Aim of the task
Restate word for word the lines of the entries below, starting with the line that holds "4520 Ravinewood Dr, Commerce" and ending with the line that holds "Opel corsa - afbeelding", and no others.
### Recorded data ###
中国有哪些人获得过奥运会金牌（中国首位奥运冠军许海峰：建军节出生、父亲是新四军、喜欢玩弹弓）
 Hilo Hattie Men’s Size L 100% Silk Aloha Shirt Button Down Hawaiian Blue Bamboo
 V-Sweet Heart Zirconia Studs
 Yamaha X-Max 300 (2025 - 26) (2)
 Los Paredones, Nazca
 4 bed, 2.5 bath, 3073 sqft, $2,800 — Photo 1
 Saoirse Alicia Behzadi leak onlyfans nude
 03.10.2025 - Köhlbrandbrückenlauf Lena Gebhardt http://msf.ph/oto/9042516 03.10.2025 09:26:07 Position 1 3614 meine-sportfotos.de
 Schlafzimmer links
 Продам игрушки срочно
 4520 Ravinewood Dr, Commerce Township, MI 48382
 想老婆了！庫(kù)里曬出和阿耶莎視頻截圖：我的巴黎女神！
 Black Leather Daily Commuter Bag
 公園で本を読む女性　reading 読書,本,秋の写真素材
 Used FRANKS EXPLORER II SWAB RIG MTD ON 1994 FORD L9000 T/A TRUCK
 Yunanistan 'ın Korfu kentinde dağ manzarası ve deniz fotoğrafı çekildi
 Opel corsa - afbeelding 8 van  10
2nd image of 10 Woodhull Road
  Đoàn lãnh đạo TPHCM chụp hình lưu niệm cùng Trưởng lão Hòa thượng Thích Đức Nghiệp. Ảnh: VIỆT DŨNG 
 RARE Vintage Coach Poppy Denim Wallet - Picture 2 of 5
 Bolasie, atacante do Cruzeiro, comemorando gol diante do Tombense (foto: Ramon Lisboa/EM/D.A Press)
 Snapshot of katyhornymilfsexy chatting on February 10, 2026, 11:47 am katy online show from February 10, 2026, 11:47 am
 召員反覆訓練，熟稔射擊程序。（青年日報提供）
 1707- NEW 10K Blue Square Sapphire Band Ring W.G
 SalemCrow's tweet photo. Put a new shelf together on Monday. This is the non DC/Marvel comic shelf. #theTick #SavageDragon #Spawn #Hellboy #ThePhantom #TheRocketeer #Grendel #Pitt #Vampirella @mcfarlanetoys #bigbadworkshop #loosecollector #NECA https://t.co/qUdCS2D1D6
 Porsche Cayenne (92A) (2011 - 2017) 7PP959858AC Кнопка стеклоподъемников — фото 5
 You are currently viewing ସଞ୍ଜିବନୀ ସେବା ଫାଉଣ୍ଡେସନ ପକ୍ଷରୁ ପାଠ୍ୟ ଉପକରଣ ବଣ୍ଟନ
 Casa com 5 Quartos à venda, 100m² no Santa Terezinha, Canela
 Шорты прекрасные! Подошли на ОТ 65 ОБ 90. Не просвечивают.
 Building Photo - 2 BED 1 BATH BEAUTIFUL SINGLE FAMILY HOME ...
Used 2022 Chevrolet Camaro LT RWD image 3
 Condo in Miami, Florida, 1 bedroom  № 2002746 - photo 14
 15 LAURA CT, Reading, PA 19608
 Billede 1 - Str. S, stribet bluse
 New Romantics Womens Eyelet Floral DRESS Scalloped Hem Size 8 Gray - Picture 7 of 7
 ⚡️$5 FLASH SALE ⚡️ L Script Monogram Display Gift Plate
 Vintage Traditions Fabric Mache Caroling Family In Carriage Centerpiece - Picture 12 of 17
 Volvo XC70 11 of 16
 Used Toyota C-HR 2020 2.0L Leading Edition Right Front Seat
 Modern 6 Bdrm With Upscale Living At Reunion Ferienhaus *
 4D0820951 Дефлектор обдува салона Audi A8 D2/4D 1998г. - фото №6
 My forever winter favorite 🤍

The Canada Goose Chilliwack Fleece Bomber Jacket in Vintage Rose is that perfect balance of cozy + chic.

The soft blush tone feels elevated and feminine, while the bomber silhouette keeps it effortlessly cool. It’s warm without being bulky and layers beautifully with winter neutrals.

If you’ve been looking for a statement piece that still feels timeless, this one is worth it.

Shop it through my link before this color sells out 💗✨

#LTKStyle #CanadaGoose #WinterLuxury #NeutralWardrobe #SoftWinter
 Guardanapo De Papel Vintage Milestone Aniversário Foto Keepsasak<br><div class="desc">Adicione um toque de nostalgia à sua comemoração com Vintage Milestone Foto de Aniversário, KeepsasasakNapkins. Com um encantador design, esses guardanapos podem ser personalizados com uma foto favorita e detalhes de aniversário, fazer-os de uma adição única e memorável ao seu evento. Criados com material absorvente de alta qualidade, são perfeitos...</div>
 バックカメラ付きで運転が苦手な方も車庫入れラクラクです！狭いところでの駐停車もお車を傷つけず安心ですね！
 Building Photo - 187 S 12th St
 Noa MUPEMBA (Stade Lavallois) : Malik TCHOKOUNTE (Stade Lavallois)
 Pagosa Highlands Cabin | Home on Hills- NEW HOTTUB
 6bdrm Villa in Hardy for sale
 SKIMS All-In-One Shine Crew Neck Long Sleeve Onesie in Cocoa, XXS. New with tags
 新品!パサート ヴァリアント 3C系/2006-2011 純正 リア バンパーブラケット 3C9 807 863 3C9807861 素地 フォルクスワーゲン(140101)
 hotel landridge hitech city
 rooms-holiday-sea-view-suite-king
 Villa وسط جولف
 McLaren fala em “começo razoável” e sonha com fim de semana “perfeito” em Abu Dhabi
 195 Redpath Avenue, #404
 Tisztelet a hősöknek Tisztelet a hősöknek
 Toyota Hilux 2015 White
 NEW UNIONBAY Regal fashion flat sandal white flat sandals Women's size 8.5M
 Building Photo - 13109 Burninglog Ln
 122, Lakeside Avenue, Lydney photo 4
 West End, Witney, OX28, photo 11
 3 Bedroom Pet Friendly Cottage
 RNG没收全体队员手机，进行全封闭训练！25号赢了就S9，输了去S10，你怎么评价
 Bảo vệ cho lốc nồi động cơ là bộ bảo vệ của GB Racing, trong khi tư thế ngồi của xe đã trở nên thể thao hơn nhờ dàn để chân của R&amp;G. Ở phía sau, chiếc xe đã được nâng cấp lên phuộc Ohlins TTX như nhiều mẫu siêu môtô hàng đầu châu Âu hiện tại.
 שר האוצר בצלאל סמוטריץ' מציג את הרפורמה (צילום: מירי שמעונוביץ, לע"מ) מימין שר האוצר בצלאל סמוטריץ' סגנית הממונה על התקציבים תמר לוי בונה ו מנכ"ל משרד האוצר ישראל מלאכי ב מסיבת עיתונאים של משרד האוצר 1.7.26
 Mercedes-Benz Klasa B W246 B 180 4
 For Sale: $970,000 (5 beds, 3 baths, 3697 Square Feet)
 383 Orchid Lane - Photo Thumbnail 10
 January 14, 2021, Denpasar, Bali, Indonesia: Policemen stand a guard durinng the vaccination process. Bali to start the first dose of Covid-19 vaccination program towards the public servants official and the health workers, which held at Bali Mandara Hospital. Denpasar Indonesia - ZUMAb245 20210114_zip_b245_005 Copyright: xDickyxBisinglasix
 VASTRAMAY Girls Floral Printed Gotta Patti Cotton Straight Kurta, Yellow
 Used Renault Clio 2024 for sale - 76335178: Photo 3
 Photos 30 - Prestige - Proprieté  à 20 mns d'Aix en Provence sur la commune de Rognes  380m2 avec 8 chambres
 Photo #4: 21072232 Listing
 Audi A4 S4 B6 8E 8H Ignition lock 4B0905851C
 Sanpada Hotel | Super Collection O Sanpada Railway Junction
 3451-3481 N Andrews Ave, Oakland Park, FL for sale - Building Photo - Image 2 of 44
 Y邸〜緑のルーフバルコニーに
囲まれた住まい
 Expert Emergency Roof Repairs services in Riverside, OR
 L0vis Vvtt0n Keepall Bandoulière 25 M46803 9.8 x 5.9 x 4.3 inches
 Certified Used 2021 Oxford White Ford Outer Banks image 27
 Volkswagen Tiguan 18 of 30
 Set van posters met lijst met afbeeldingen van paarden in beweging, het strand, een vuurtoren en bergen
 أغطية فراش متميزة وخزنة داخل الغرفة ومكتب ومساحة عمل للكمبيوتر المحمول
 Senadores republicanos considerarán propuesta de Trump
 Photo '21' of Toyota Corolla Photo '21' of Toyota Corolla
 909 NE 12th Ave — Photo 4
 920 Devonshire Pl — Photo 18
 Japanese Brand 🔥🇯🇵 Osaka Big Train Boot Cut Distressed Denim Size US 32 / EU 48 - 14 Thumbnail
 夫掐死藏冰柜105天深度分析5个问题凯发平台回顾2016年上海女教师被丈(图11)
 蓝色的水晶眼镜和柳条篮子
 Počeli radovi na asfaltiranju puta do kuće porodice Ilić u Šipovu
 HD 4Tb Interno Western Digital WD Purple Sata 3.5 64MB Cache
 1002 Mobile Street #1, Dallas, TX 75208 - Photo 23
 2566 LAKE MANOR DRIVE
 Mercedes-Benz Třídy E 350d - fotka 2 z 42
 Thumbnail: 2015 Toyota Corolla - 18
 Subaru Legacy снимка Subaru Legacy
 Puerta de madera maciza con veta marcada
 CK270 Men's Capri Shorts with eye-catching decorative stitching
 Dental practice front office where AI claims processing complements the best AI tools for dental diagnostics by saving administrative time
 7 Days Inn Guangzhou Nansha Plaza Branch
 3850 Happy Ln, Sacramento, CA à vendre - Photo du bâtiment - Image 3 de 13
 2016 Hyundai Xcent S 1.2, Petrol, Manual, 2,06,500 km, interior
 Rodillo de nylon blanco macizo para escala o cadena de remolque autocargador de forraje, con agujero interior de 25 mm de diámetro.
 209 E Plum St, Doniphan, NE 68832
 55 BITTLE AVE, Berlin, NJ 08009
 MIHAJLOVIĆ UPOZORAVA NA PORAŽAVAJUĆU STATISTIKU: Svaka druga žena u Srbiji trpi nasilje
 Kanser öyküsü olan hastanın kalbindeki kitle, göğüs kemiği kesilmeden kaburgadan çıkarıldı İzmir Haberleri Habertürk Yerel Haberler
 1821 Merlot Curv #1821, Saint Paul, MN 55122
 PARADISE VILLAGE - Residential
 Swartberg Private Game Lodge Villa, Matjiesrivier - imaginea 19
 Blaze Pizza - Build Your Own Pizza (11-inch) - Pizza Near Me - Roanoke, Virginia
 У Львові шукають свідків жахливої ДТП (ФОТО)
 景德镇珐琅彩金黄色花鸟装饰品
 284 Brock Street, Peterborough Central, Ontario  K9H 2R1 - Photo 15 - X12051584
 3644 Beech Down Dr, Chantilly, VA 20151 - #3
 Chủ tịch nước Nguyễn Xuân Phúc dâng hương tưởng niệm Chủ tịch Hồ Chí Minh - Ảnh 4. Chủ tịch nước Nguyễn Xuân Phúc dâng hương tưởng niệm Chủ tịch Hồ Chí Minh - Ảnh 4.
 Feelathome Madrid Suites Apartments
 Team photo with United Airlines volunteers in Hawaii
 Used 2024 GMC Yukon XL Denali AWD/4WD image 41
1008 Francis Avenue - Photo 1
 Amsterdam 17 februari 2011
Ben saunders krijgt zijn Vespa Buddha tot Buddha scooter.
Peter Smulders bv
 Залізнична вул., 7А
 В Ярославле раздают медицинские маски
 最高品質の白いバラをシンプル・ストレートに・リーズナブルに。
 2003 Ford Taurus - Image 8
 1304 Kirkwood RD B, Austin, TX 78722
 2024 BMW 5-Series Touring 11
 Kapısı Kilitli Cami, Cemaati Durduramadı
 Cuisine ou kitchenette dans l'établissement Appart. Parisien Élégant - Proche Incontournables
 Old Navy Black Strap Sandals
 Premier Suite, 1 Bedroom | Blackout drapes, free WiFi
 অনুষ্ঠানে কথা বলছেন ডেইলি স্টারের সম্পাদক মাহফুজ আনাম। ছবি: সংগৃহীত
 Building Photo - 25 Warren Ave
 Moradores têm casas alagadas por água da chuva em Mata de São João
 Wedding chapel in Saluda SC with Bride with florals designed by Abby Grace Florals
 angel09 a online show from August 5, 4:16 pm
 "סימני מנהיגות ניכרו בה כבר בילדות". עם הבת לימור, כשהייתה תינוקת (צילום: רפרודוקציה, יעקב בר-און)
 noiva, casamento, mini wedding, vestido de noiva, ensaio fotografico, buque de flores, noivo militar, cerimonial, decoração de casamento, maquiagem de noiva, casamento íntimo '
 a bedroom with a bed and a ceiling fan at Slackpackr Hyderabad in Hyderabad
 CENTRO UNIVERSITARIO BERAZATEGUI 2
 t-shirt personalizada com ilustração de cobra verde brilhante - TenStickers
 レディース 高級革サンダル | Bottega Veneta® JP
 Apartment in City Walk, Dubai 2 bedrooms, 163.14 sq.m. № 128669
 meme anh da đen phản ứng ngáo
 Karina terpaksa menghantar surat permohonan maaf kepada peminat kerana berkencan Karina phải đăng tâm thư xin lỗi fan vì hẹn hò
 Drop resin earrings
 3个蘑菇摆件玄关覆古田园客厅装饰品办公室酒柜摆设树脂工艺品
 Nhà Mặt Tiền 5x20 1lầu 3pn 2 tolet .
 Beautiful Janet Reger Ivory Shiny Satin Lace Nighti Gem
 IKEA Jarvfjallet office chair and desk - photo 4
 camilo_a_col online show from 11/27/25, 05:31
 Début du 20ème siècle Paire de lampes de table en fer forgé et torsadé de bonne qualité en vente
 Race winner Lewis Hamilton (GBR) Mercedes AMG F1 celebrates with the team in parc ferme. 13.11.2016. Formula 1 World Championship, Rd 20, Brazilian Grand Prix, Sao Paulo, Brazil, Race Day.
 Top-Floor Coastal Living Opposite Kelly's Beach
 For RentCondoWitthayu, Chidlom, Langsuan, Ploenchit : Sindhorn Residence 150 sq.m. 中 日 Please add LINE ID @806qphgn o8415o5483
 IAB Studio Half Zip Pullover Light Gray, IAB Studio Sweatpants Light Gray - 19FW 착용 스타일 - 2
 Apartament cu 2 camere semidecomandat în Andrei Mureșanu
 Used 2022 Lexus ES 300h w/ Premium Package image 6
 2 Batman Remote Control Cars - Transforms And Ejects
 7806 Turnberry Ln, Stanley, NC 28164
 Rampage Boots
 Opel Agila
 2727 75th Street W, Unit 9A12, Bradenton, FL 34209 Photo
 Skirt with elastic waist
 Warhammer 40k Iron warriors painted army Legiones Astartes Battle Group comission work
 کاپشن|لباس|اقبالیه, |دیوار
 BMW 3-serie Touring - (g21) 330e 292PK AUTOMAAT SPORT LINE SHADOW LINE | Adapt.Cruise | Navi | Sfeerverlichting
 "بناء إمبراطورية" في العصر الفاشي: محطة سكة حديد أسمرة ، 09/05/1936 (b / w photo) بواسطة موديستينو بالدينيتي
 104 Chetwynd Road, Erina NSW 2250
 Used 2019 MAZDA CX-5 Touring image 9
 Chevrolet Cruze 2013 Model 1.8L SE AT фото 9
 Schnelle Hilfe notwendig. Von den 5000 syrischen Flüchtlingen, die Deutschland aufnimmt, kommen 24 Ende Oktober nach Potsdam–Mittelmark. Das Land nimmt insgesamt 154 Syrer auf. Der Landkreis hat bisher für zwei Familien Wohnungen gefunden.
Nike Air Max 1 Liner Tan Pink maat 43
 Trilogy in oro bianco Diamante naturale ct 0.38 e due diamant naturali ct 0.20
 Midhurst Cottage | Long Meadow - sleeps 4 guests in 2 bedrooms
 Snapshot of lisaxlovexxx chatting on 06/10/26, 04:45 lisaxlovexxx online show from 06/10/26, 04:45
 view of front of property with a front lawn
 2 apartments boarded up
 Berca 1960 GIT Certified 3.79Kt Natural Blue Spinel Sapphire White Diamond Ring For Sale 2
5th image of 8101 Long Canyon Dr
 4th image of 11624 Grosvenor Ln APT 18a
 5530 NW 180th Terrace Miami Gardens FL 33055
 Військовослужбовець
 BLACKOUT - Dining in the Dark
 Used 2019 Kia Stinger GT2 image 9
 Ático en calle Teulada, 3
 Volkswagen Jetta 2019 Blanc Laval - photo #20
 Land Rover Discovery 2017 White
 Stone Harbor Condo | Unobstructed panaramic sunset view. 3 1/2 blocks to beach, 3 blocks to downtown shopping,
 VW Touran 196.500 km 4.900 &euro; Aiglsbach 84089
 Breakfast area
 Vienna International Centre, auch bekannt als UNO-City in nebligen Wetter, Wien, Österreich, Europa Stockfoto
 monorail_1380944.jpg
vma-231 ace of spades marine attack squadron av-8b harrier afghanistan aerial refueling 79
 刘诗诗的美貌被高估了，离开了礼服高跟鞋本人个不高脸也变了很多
###
Exercise response
 4520 Ravinewood Dr, Commerce Township, MI 48382
 想老婆了！庫(kù)里曬出和阿耶莎視頻截圖：我的巴黎女神！
 Black Leather Daily Commuter Bag
 公園で本を読む女性　reading 読書,本,秋の写真素材
 Used FRANKS EXPLORER II SWAB RIG MTD ON 1994 FORD L9000 T/A TRUCK
 Yunanistan 'ın Korfu kentinde dağ manzarası ve deniz fotoğrafı çekildi
 Opel corsa - afbeelding 8 van  10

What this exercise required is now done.